## YOUR GOAL
Reproduce, exactly and in full, the lines from the one with "Most Popular best" through the one with "Nautica Big &" in the data below; drop pictures.

## INPUT RECORDS
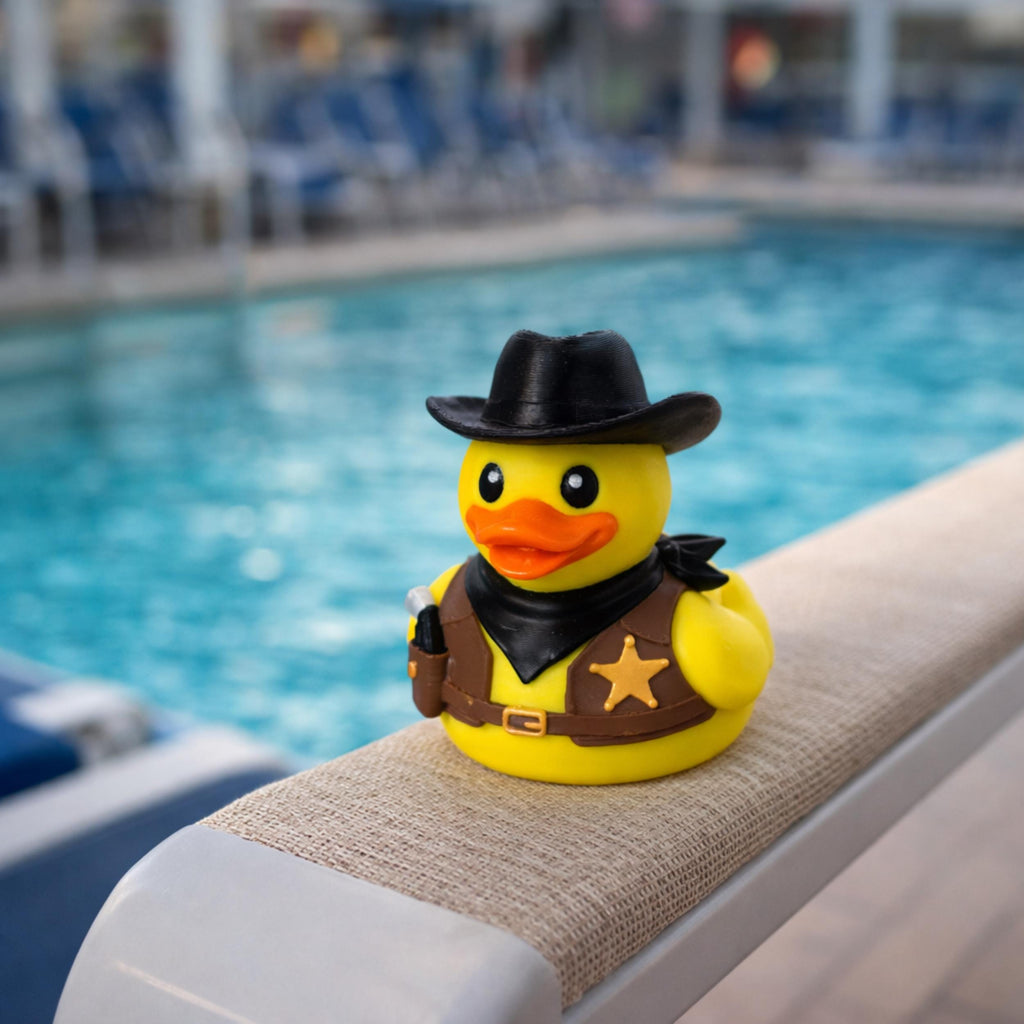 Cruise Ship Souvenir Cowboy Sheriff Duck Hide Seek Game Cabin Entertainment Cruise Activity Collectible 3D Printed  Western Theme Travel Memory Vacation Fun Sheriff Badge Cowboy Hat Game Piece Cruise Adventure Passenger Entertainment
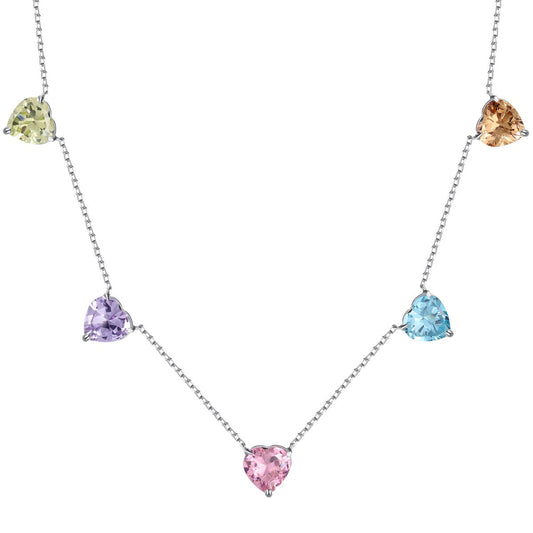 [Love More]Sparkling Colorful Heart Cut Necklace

---

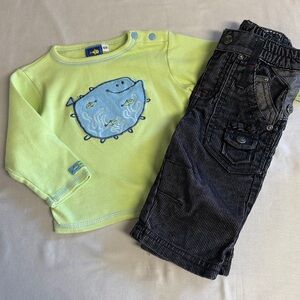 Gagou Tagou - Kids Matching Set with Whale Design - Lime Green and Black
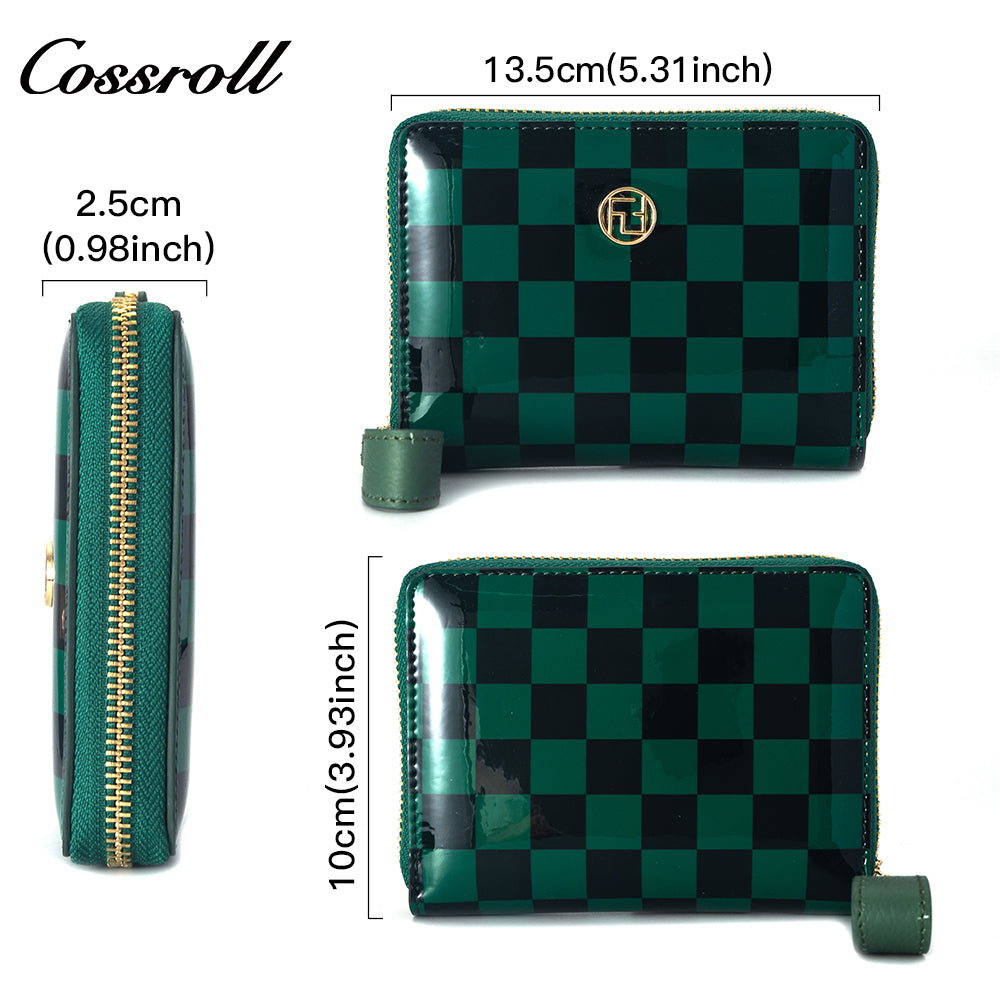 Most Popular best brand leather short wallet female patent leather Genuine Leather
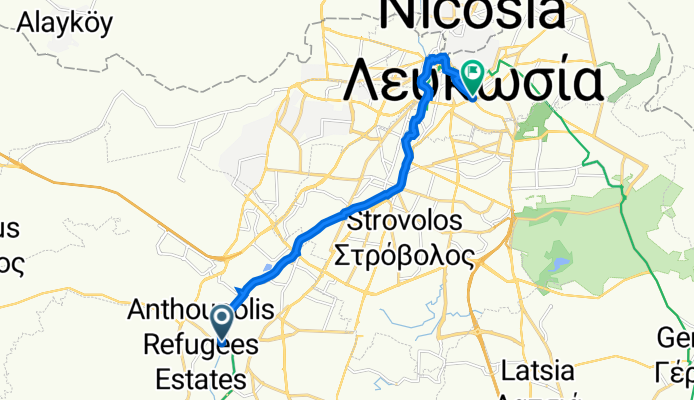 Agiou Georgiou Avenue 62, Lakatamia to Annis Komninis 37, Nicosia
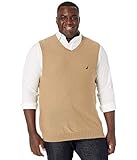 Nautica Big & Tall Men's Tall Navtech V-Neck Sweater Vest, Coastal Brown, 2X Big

## RESPONSE BOX
 Most Popular best brand leather short wallet female patent leather Genuine Leather
 Agiou Georgiou Avenue 62, Lakatamia to Annis Komninis 37, Nicosia
 Nautica Big & Tall Men's Tall Navtech V-Neck Sweater Vest, Coastal Brown, 2X Big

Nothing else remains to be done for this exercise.